A civic piece of uranium metal (specific heat capacity=0.117J/C-g) at 200.0°C is dropped into 1.00L of deuterium oxide ("heavy water", specific heat capacity=4.211J/C-g) at 25.5°C. The final temperature of the uranium and deuterium oxide mixture is 28.5°C. Given the densities of uranium (19.05g/cm³) and deuterium oxide (1.11g/cm³), what is the edge length of the cube of uranium?

A) 50 g
B) 75 g
C) 100 g
D) 125 g

Answer 1

The edge length of the cube of uranium is approximately 75 g.

The correct answer is B) 75 g.

Step-by-step explanation:

The heat gained by the deuterium oxide (D₂O) equals the heat lost by the uranium. The formula for heat transfer Q is given by:

`\[ Q = mc\Delta T \]`

Where:

`\(m\)` is the mass of the substance,

`\(c\)` is the specific heat capacity, and

`\(\Delta T\)` is the change in temperature.

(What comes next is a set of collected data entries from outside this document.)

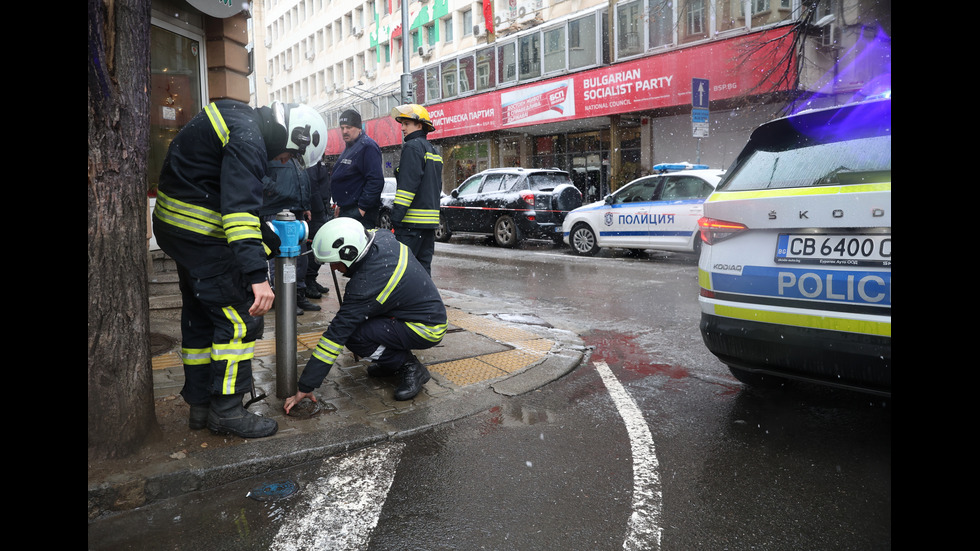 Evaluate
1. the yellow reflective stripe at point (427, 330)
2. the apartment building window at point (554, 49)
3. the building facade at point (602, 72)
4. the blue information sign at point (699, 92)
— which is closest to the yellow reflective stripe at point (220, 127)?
the yellow reflective stripe at point (427, 330)

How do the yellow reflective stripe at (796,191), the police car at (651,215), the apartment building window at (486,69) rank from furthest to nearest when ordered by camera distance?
the apartment building window at (486,69), the police car at (651,215), the yellow reflective stripe at (796,191)

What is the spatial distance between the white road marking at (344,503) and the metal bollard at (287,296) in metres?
0.84

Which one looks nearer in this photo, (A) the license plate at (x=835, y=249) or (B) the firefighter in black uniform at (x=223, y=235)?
(A) the license plate at (x=835, y=249)

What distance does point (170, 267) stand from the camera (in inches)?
347

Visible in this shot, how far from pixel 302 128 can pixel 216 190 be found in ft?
1.76

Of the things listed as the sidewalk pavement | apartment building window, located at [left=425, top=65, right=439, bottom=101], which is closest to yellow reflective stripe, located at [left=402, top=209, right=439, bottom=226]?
the sidewalk pavement

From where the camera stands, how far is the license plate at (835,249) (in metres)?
2.97

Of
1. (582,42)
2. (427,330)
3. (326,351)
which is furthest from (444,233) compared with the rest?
(326,351)

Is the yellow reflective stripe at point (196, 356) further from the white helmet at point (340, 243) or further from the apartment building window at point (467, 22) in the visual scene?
the apartment building window at point (467, 22)

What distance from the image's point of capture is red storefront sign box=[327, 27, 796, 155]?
636 inches

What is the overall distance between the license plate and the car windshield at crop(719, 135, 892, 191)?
271mm

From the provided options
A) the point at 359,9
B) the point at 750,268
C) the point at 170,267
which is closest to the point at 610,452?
the point at 750,268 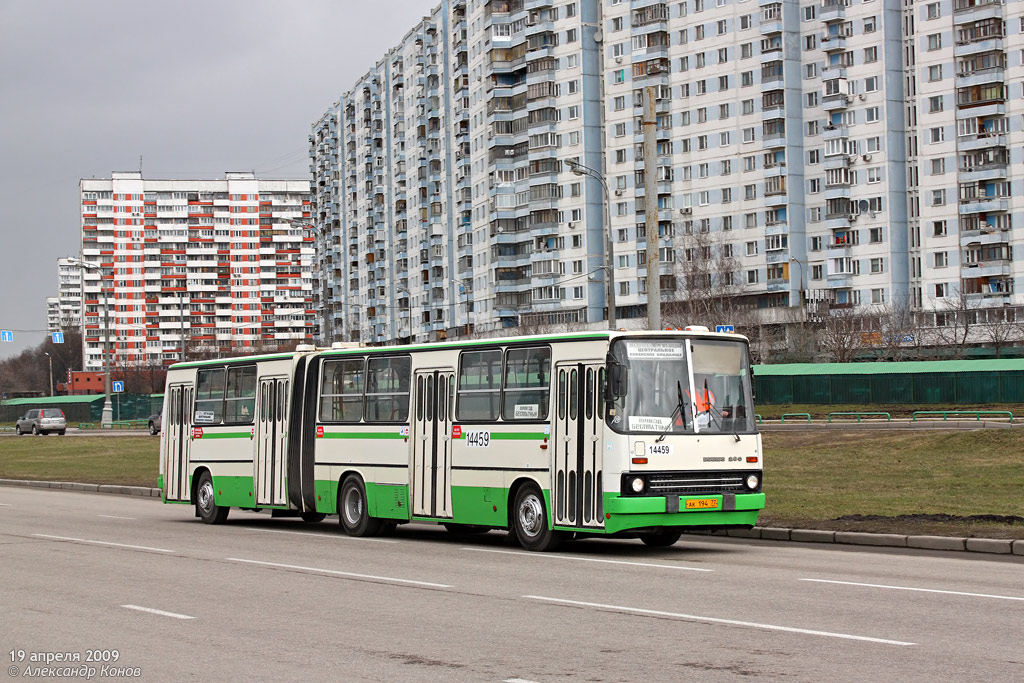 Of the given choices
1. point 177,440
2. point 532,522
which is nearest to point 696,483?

For uranium, the heat lost
`(\(Q_{\text{U}}\))` is:

`\[ Q_{\text{U}} = m_{\text{U}}c_{\text{U}}\Delta T_{\text{U}} \]`

For deuterium oxide, the heat gained
`(\(Q_{\text{D₂O}}\))` is:

`\[ Q_{\text{D₂O}} = m_{\text{D₂O}}c_{\text{D₂O}}\Delta T_{\text{D₂O}} \]`

Since
`\(Q_{\text{U}} = Q_{\text{D₂O}}\)`, we can set the two expressions equal to each other:

`\[ m_{\text{U}}c_{\text{U}}\Delta T_{\text{U}} = m_{\text{D₂O}}c_{\text{D₂O}}\Delta T_{\text{D₂O}} \]`

Solving for the mass of uranium
`(\(m_{\text{U}}\))`:

`\[ m_{\text{U}} = \frac{m_{\text{D₂O}}c_{\text{D₂O}}\Delta T_{\text{D₂O}}}{c_{\text{U}}\Delta T_{\text{U}}} \]`

Substituting the given values and solving:

`\[ m_{\text{U}} = \frac{(1000 \, \text{g})(4.211 \, \text{J/C-g})(28.5 \, \text{°C} - 25.5 \, \text{°C})}{(0.117 \, \text{J/C-g})(200.0 \, \text{°C} - 28.5 \, \text{°C})} \]`

`\[ m_{\text{U}} \approx 75 \, \text{g} \]`

Therefore, the edge length of the cube of uranium is approximately 75 g. Hence, the correct answer is B) 75 g.